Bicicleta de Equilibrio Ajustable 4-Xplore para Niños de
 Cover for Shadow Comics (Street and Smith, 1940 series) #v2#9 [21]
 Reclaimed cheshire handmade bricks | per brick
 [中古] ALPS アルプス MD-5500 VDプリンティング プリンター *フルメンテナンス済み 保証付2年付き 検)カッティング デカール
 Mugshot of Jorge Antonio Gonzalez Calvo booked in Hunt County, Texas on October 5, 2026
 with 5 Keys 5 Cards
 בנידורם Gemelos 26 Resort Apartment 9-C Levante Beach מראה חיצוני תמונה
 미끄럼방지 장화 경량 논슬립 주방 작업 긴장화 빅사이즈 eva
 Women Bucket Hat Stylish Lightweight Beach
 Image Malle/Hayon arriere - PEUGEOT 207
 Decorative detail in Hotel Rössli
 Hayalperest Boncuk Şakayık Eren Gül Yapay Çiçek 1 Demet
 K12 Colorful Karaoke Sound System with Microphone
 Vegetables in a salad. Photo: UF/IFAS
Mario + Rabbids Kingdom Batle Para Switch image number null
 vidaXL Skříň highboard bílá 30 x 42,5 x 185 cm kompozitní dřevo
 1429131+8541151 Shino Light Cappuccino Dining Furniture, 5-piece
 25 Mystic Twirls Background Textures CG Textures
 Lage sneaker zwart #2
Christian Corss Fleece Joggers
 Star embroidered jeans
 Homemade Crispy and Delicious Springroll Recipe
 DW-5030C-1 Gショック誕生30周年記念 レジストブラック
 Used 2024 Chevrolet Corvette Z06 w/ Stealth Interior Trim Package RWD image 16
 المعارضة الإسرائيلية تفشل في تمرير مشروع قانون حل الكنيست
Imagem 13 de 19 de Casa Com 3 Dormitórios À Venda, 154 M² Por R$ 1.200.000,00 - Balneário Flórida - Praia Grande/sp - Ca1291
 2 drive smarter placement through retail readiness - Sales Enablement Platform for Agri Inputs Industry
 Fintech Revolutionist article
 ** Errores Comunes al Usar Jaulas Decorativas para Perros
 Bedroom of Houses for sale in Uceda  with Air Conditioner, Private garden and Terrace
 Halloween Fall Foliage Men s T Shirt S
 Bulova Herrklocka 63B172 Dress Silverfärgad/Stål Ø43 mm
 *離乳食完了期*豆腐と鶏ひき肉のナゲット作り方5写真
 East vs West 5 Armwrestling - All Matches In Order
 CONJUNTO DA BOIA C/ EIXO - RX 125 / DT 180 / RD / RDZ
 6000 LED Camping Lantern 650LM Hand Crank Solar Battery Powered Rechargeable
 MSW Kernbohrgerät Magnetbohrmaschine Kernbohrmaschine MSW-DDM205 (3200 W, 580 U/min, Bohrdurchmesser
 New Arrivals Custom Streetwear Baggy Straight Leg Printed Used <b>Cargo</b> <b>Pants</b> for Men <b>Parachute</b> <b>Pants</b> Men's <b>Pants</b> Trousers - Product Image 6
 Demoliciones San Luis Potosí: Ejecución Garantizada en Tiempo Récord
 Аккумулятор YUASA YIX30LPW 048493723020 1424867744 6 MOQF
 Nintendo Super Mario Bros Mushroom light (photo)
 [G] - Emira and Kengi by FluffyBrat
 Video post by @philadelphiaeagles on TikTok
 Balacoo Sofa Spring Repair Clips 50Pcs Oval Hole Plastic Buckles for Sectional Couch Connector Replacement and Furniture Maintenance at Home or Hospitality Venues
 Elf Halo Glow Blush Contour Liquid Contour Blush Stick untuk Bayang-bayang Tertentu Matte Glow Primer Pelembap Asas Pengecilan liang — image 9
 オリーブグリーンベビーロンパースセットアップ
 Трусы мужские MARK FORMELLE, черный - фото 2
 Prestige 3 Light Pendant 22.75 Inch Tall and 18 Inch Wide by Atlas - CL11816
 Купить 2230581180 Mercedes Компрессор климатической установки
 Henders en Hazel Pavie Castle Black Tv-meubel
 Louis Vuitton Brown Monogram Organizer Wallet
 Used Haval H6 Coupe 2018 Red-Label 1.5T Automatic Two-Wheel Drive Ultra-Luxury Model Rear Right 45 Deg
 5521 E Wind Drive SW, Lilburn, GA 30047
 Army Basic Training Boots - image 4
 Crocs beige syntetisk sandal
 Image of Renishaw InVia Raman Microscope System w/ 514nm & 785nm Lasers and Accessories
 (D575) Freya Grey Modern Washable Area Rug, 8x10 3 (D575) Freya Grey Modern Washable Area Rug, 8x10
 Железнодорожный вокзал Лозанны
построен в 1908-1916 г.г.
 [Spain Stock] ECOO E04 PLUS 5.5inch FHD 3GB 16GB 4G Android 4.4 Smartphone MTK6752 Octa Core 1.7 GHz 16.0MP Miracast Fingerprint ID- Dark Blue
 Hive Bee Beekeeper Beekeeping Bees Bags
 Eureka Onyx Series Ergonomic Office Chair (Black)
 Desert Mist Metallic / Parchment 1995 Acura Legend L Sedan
+ + +
• **Prompt**
Please type the entries above out again exactly.

• **Task response**
Bicicleta de Equilibrio Ajustable 4-Xplore para Niños de
 Cover for Shadow Comics (Street and Smith, 1940 series) #v2#9 [21]
 Reclaimed cheshire handmade bricks | per brick
 [中古] ALPS アルプス MD-5500 VDプリンティング プリンター *フルメンテナンス済み 保証付2年付き 検)カッティング デカール
 Mugshot of Jorge Antonio Gonzalez Calvo booked in Hunt County, Texas on October 5, 2026
 with 5 Keys 5 Cards
 בנידורם Gemelos 26 Resort Apartment 9-C Levante Beach מראה חיצוני תמונה
 미끄럼방지 장화 경량 논슬립 주방 작업 긴장화 빅사이즈 eva
 Women Bucket Hat Stylish Lightweight Beach
 Image Malle/Hayon arriere - PEUGEOT 207
 Decorative detail in Hotel Rössli
 Hayalperest Boncuk Şakayık Eren Gül Yapay Çiçek 1 Demet
 K12 Colorful Karaoke Sound System with Microphone
 Vegetables in a salad. Photo: UF/IFAS
Mario + Rabbids Kingdom Batle Para Switch image number null
 vidaXL Skříň highboard bílá 30 x 42,5 x 185 cm kompozitní dřevo
 1429131+8541151 Shino Light Cappuccino Dining Furniture, 5-piece
 25 Mystic Twirls Background Textures CG Textures
 Lage sneaker zwart #2
Christian Corss Fleece Joggers
 Star embroidered jeans
 Homemade Crispy and Delicious Springroll Recipe
 DW-5030C-1 Gショック誕生30周年記念 レジストブラック
 Used 2024 Chevrolet Corvette Z06 w/ Stealth Interior Trim Package RWD image 16
 المعارضة الإسرائيلية تفشل في تمرير مشروع قانون حل الكنيست
Imagem 13 de 19 de Casa Com 3 Dormitórios À Venda, 154 M² Por R$ 1.200.000,00 - Balneário Flórida - Praia Grande/sp - Ca1291
 2 drive smarter placement through retail readiness - Sales Enablement Platform for Agri Inputs Industry
 Fintech Revolutionist article
 ** Errores Comunes al Usar Jaulas Decorativas para Perros
 Bedroom of Houses for sale in Uceda  with Air Conditioner, Private garden and Terrace
 Halloween Fall Foliage Men s T Shirt S
 Bulova Herrklocka 63B172 Dress Silverfärgad/Stål Ø43 mm
 *離乳食完了期*豆腐と鶏ひき肉のナゲット作り方5写真
 East vs West 5 Armwrestling - All Matches In Order
 CONJUNTO DA BOIA C/ EIXO - RX 125 / DT 180 / RD / RDZ
 6000 LED Camping Lantern 650LM Hand Crank Solar Battery Powered Rechargeable
 MSW Kernbohrgerät Magnetbohrmaschine Kernbohrmaschine MSW-DDM205 (3200 W, 580 U/min, Bohrdurchmesser
 New Arrivals Custom Streetwear Baggy Straight Leg Printed Used <b>Cargo</b> <b>Pants</b> for Men <b>Parachute</b> <b>Pants</b> Men's <b>Pants</b> Trousers - Product Image 6
 Demoliciones San Luis Potosí: Ejecución Garantizada en Tiempo Récord
 Аккумулятор YUASA YIX30LPW 048493723020 1424867744 6 MOQF
 Nintendo Super Mario Bros Mushroom light (photo)
 [G] - Emira and Kengi by FluffyBrat
 Video post by @philadelphiaeagles on TikTok
 Balacoo Sofa Spring Repair Clips 50Pcs Oval Hole Plastic Buckles for Sectional Couch Connector Replacement and Furniture Maintenance at Home or Hospitality Venues
 Elf Halo Glow Blush Contour Liquid Contour Blush Stick untuk Bayang-bayang Tertentu Matte Glow Primer Pelembap Asas Pengecilan liang — image 9
 オリーブグリーンベビーロンパースセットアップ
 Трусы мужские MARK FORMELLE, черный - фото 2
 Prestige 3 Light Pendant 22.75 Inch Tall and 18 Inch Wide by Atlas - CL11816
 Купить 2230581180 Mercedes Компрессор климатической установки
 Henders en Hazel Pavie Castle Black Tv-meubel
 Louis Vuitton Brown Monogram Organizer Wallet
 Used Haval H6 Coupe 2018 Red-Label 1.5T Automatic Two-Wheel Drive Ultra-Luxury Model Rear Right 45 Deg
 5521 E Wind Drive SW, Lilburn, GA 30047
 Army Basic Training Boots - image 4
 Crocs beige syntetisk sandal
 Image of Renishaw InVia Raman Microscope System w/ 514nm & 785nm Lasers and Accessories
 (D575) Freya Grey Modern Washable Area Rug, 8x10 3 (D575) Freya Grey Modern Washable Area Rug, 8x10
 Железнодорожный вокзал Лозанны
построен в 1908-1916 г.г.
 [Spain Stock] ECOO E04 PLUS 5.5inch FHD 3GB 16GB 4G Android 4.4 Smartphone MTK6752 Octa Core 1.7 GHz 16.0MP Miracast Fingerprint ID- Dark Blue
 Hive Bee Beekeeper Beekeeping Bees Bags
 Eureka Onyx Series Ergonomic Office Chair (Black)
 Desert Mist Metallic / Parchment 1995 Acura Legend L Sedan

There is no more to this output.